[Start of Attachment]

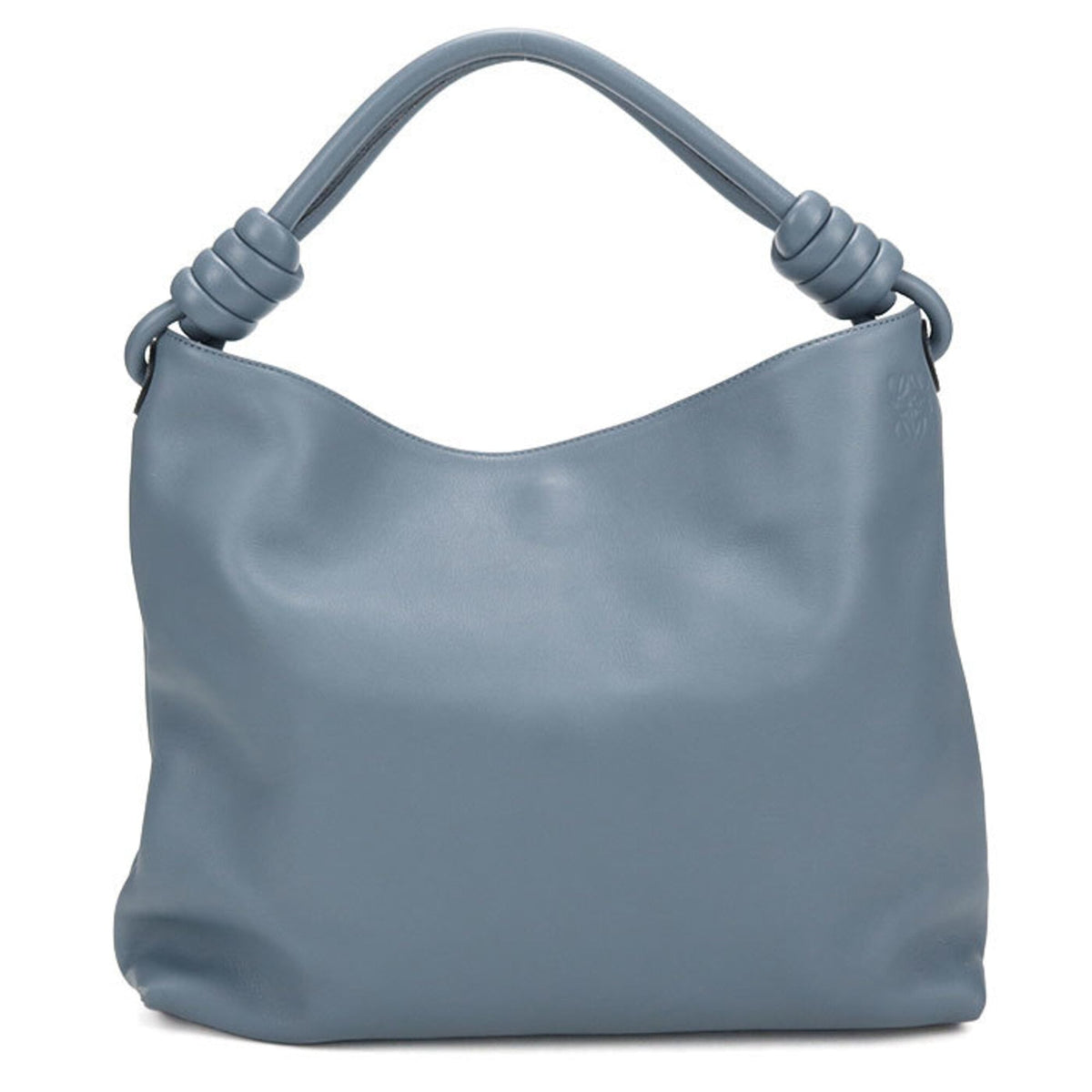 Loewe Blue Leather Shoulder Bag (Pre-Owned)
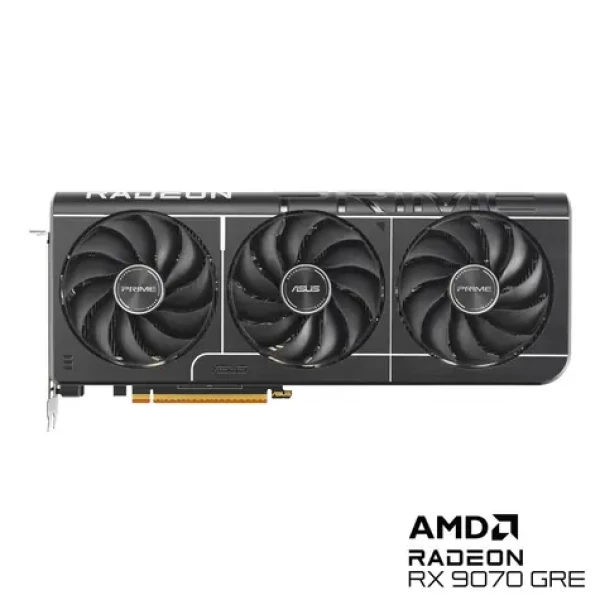 Asus Radeon RX 9070 GRE Prime OC / Grafická karta / 2860 MHz / 12GB GDDR6 / 192-bit / 1x HDMI + 3x DP / 650W (8+8) (90YV0PP0-M0NA00)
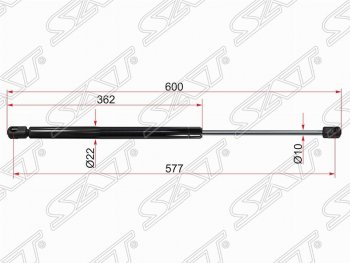 Газовый упор крышки багажника SAT SSANGYONG Musso (1993-2005)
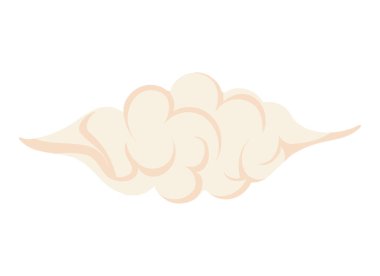 Çin bulut tasarımı simgesi izole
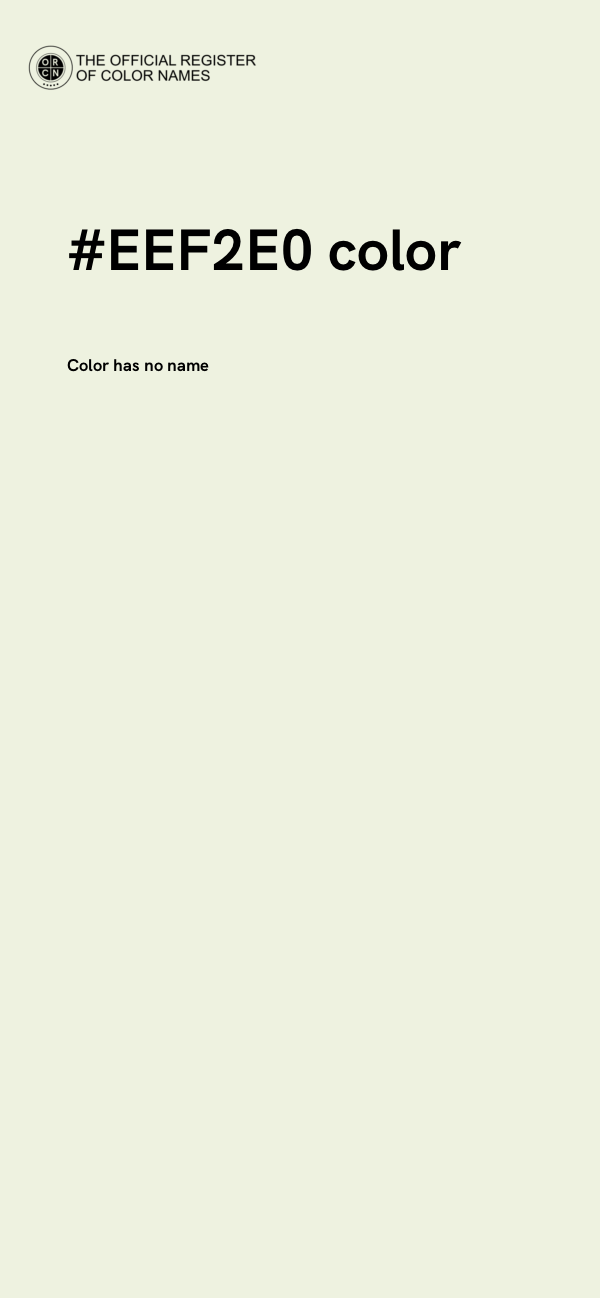 #EEF2E0 color image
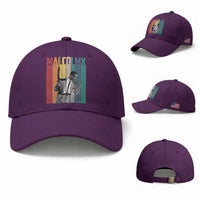 Malcolm X Baseball Cap Retro Portrait Black Empowerment Heritage Gift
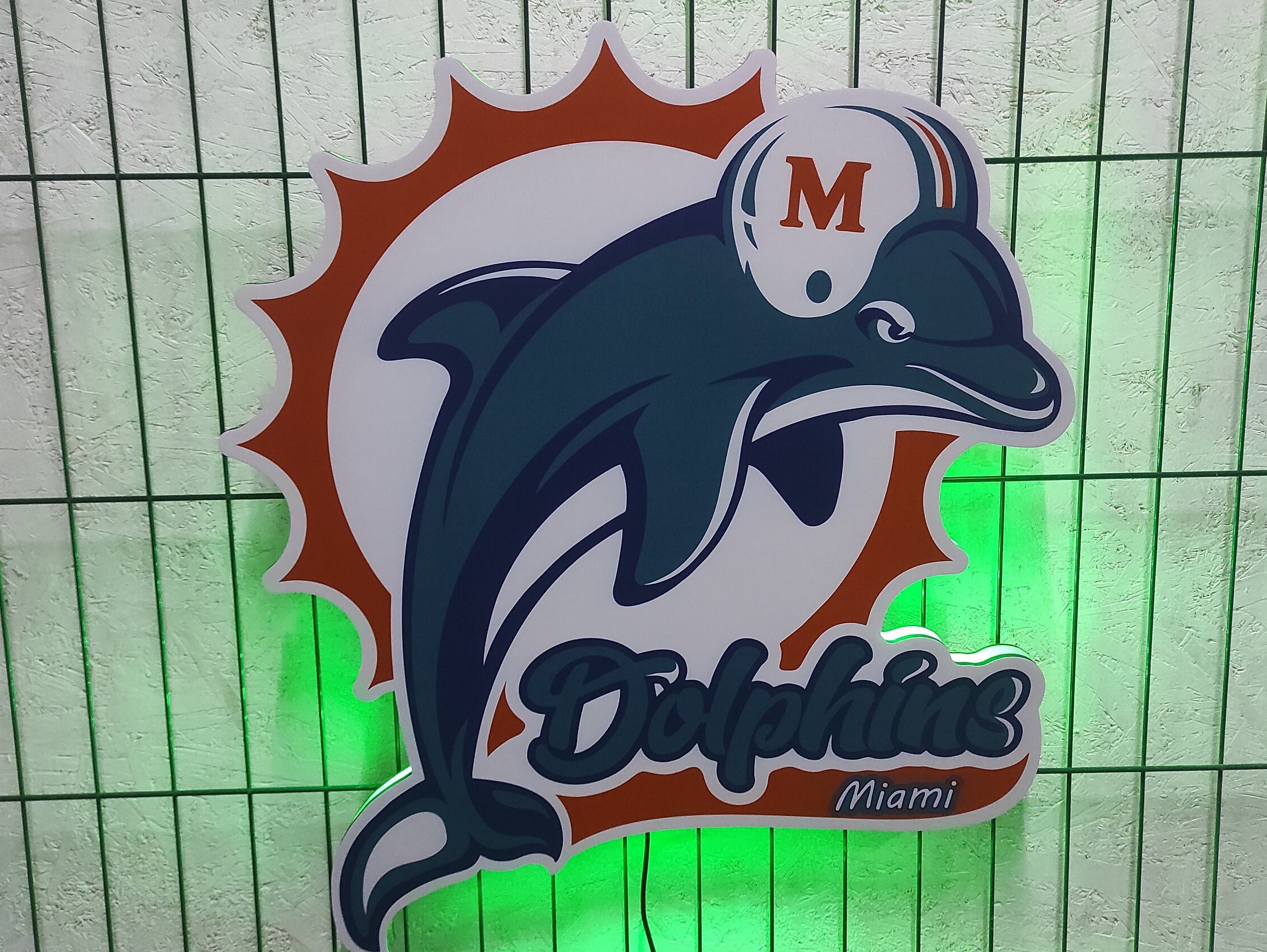 Miami Dolphins Neon Sign, Miami Dolphins Led Sign, Miami Dolphins Sign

[End of Attachment]

What is being asked => Should a picture appear among the entries above, omit it and repeat everything else exactly.

Answer box =>
 Loewe Blue Leather Shoulder Bag (Pre-Owned)
 Asus Radeon RX 9070 GRE Prime OC / Grafická karta / 2860 MHz / 12GB GDDR6 / 192-bit / 1x HDMI + 3x DP / 650W (8+8) (90YV0PP0-M0NA00)
 Газовый упор крышки багажника SAT SSANGYONG Musso (1993-2005)
 Çin bulut tasarımı simgesi izole
 #EEF2E0 color image
 Malcolm X Baseball Cap Retro Portrait Black Empowerment Heritage Gift
 Miami Dolphins Neon Sign, Miami Dolphins Led Sign, Miami Dolphins Sign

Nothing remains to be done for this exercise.